Member of the Minnesota House of Representatives from the 25B district
- In office January 3, 2017 – January 5, 2021
- Preceded by: Kim Norton
- Succeeded by: Liz Boldon

Personal details
- Born: 1948 or 1949 (age 76–77)
- Party: Democratic
- Spouse: Debra ​(m. 1972)​
- Education: Luther College (BA)

= Duane Sauke =

American politician from Minnesota

Duane Sauke is an American politician who served as a member of the Minnesota House of Representatives from 2017 to 2021. A member of the Minnesota Democratic–Farmer–Labor Party (DFL), he represented District 25B in southeastern Minnesota.

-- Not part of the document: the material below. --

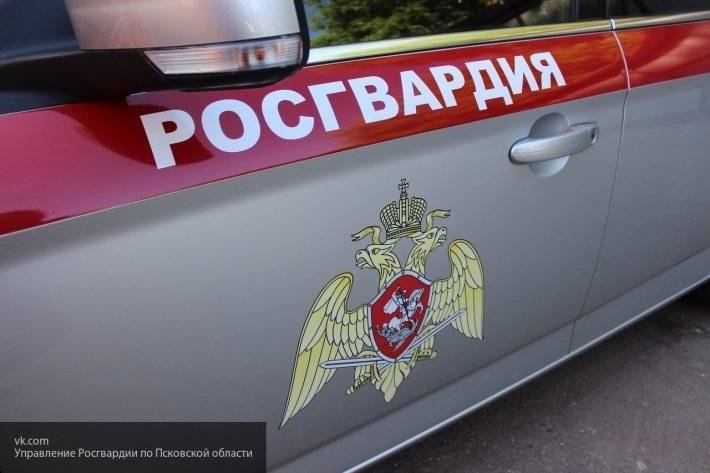 В Москве сотрудник Росгвардии спас жизнь мужчине, застрявшему в машине после ДТП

==Early life and education==
Sauke was raised by sharecroppers in Conger, Minnesota. He attended Luther College in Decorah, Iowa, graduating with a Bachelor of Arts in music education.

== Career ==
He served in the National Guard. He was a band instructor for 17 years for several school districts across southeastern Iowa and later at Elgin Public Schools. He then became a real estate broker, later becoming owner of RE/MAX Rochester, which he sold in 2012.

===Minnesota House of Representatives===
Sauke was elected to the Minnesota House of Representatives in 2016 and was reelected for a second term in 2018. He previously ran in District 26B in 1988, losing to Republican incumbent Bob Waltman.

In November 2019, he announced he plans to retire rather than run for re-election in 2020.

==Personal life==
Sauke married his wife, Debra, in 1972. They have two children and reside in Rochester, Minnesota.